───── RECORDS PROVIDED ─────

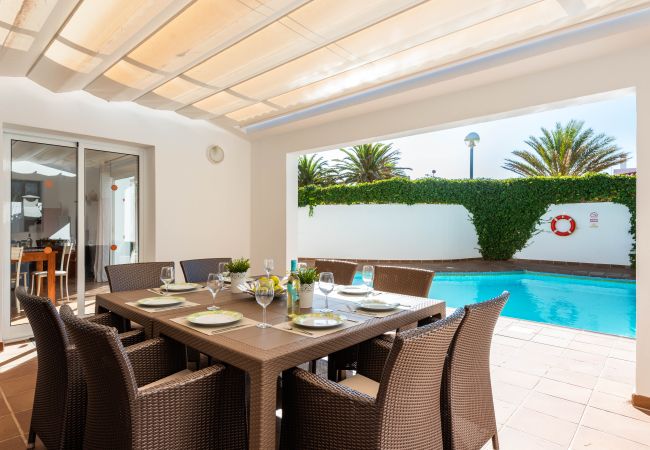 Villa in Cala´n Bosch - VILLA RAQUEL  Villa in Cala´n Bosch - VILLA RAQUEL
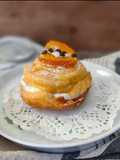 Zeppole fritte con ricotta gocce di cioccolato e arancia candita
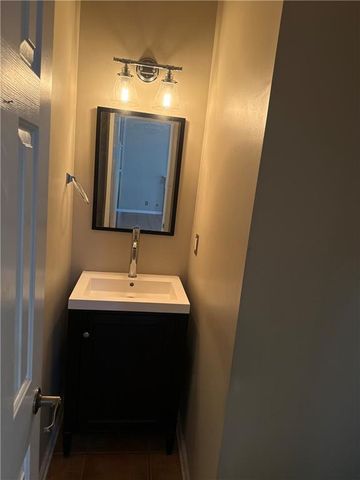 409 Heathcliff Court, Mcdonough, GA 30253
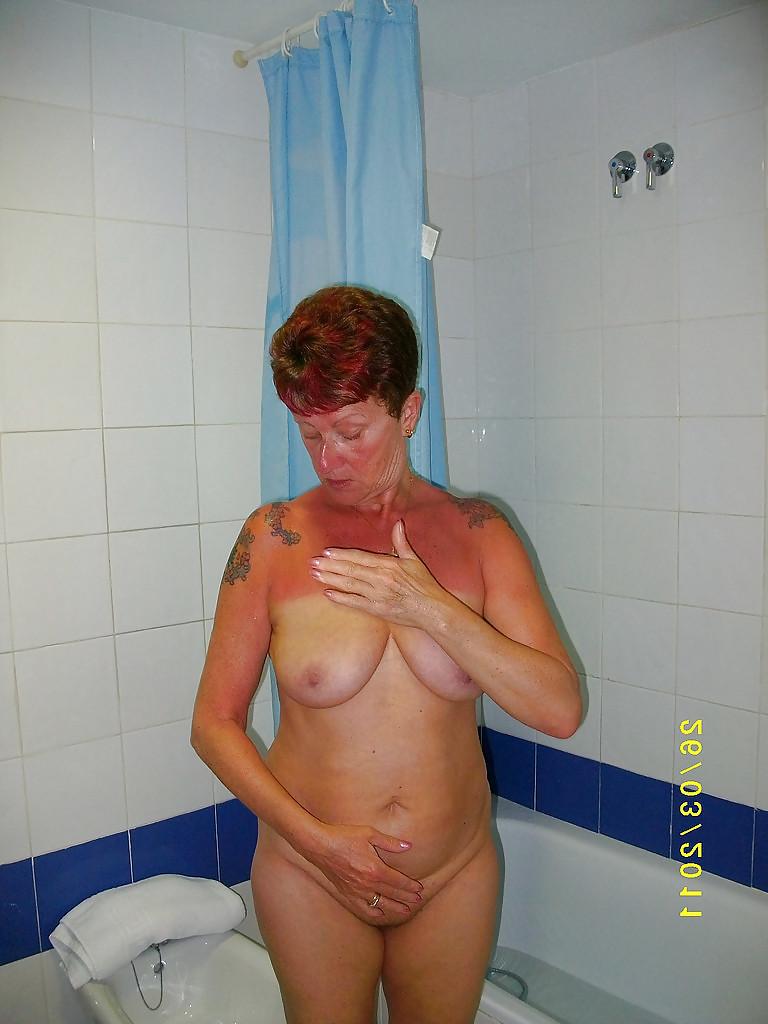 25P G I L F  Slut  26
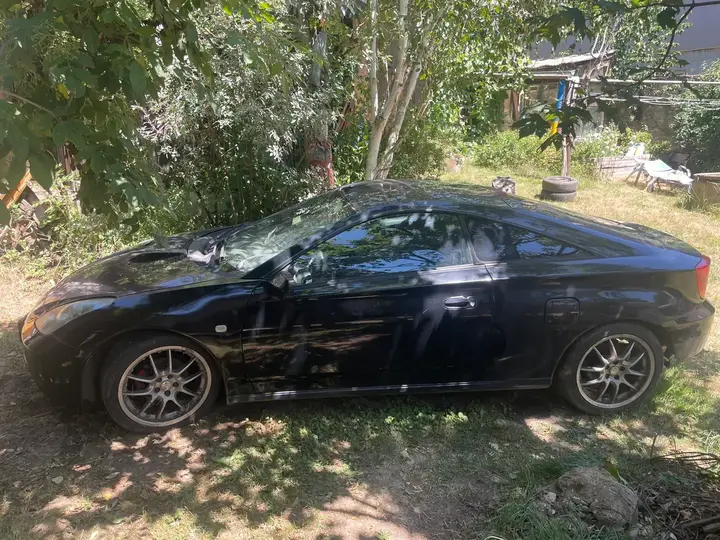Toyota Celica 2000 photo 2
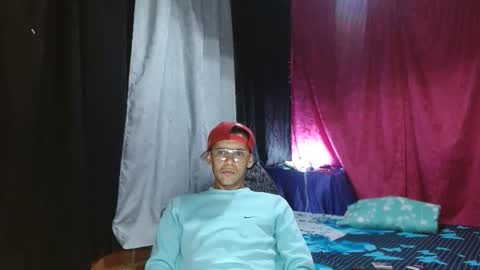 Snapshot of boyfantasies_11 chatting on November 2025 02:01:02 AM boyfantasies_11 online show from November 2025 02:01:02 AM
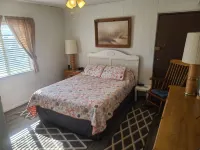 El Capitan Ocean Front - 2 BR/2BA 4th Street ON the Boardwalk! Linens Included!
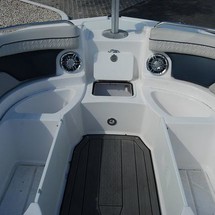 Hurricane 2200 sundeck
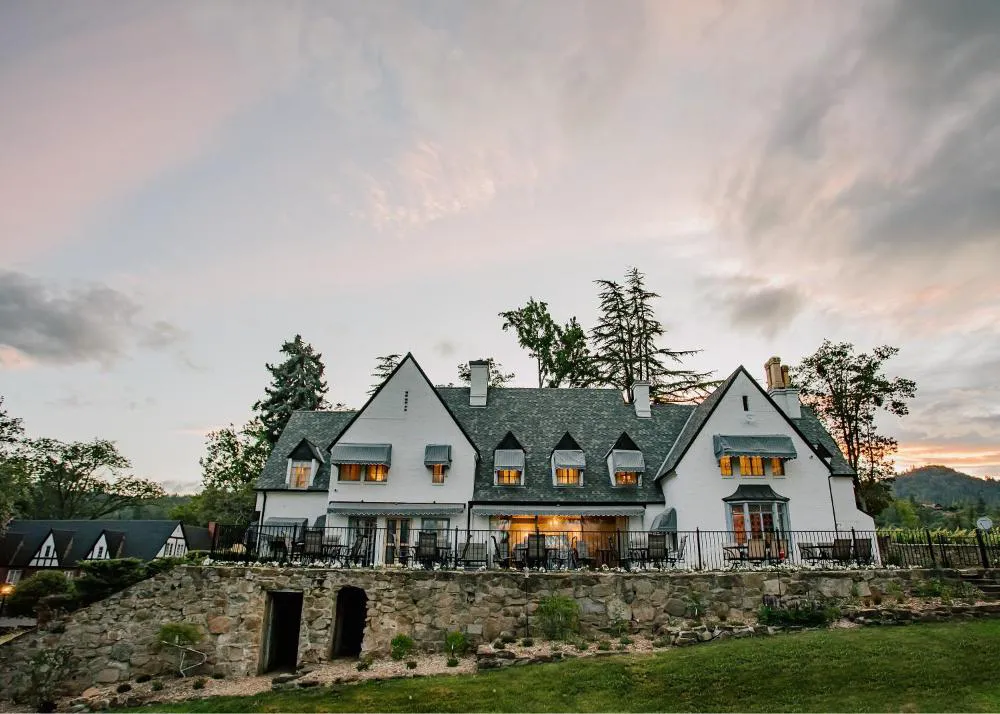 Hummingbird Estate Wine & Suites hotel hero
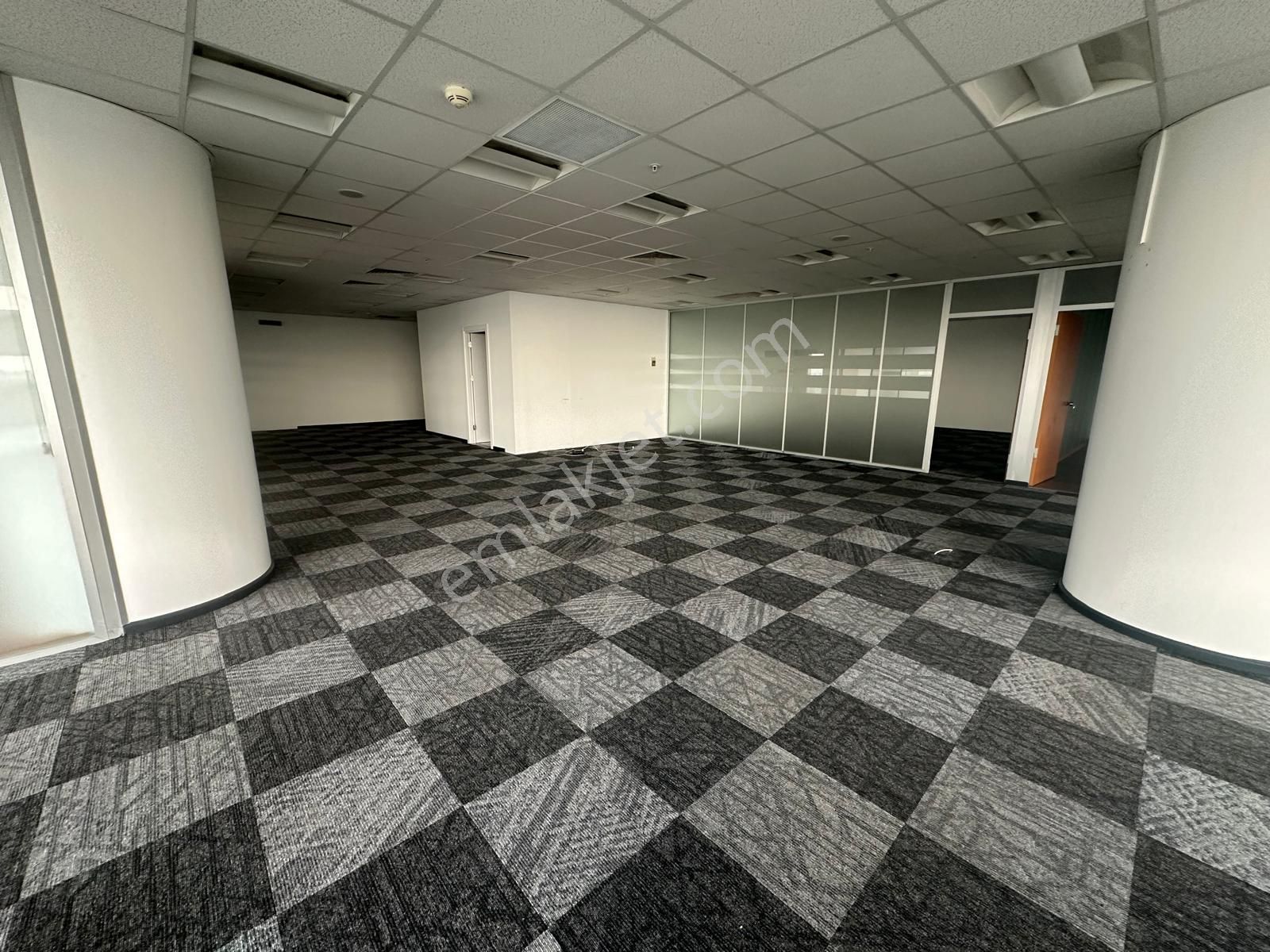 Koza Plaza'da Şehir Manzaralı Masrafsız Lüks Yapılı Plaza Katı - Görsel 3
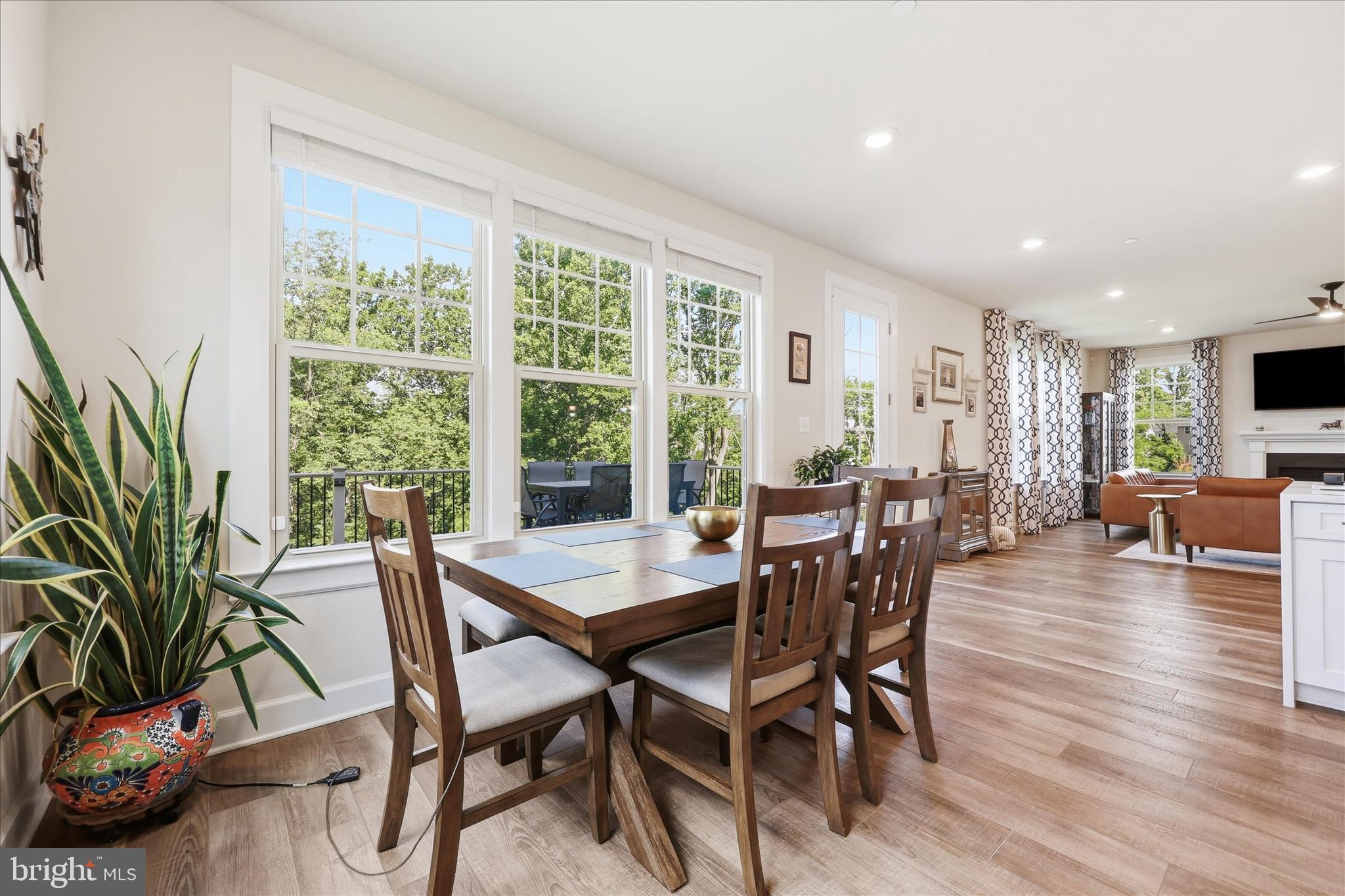 7116 STARMOUNT COURT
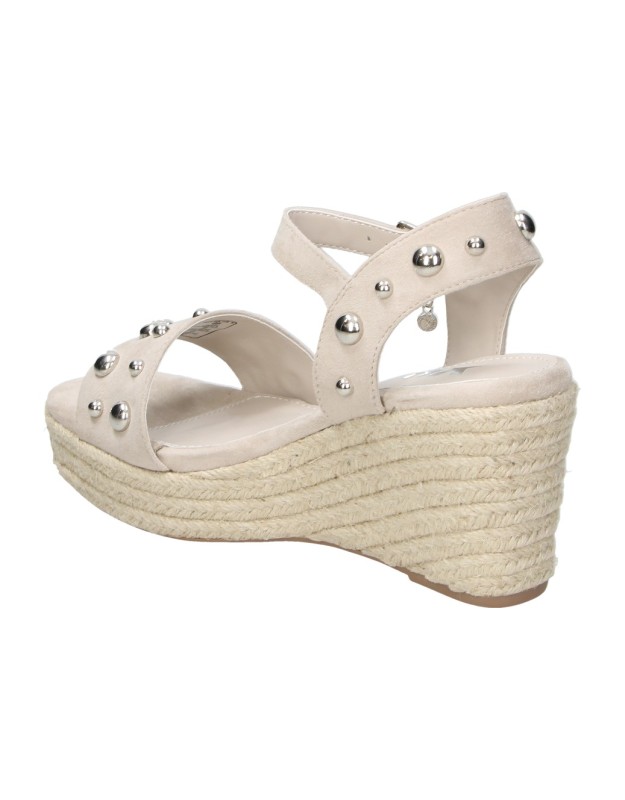 Sandalia de Esparto con Hebilla XTI 145454 en color blanco para mujer
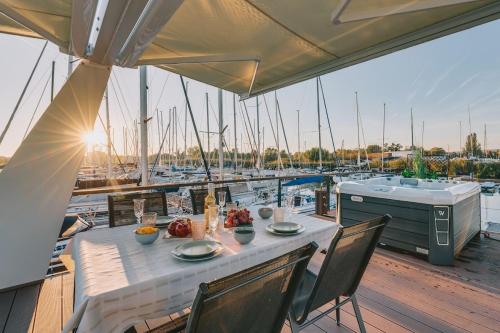 Fenyves Yacht Club Superior in บาลาตันเลลเล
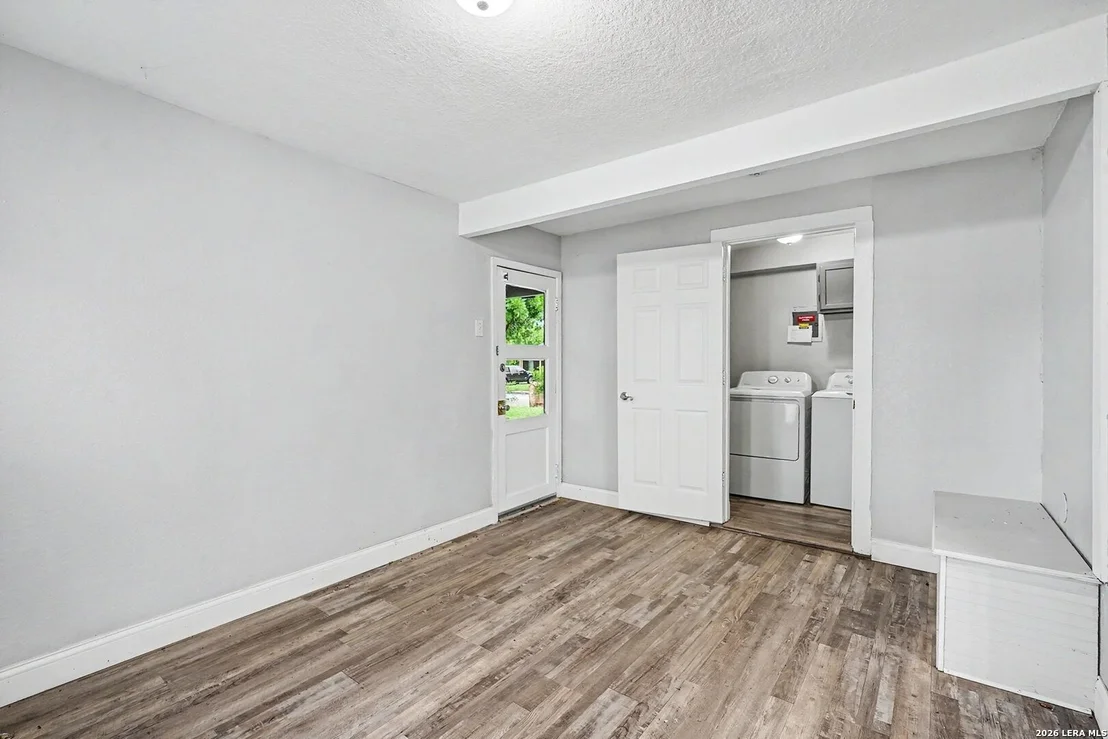 Photo of 3606 Versailles Dr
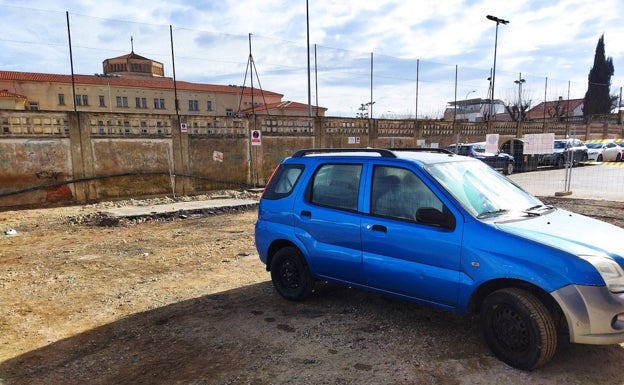 La grúa retira el coche de las obras de la calle Stadium de Badajoz y el dueño aparece al momento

─────

**THE TASK**
Return nothing except the lines from the one containing "7116 STARMOUNT COURT" through the final line of the data, copied exactly. Leave out all pictures.

**RESPONSE**
 7116 STARMOUNT COURT
 Sandalia de Esparto con Hebilla XTI 145454 en color blanco para mujer
 Fenyves Yacht Club Superior in บาลาตันเลลเล
 Photo of 3606 Versailles Dr
 La grúa retira el coche de las obras de la calle Stadium de Badajoz y el dueño aparece al momento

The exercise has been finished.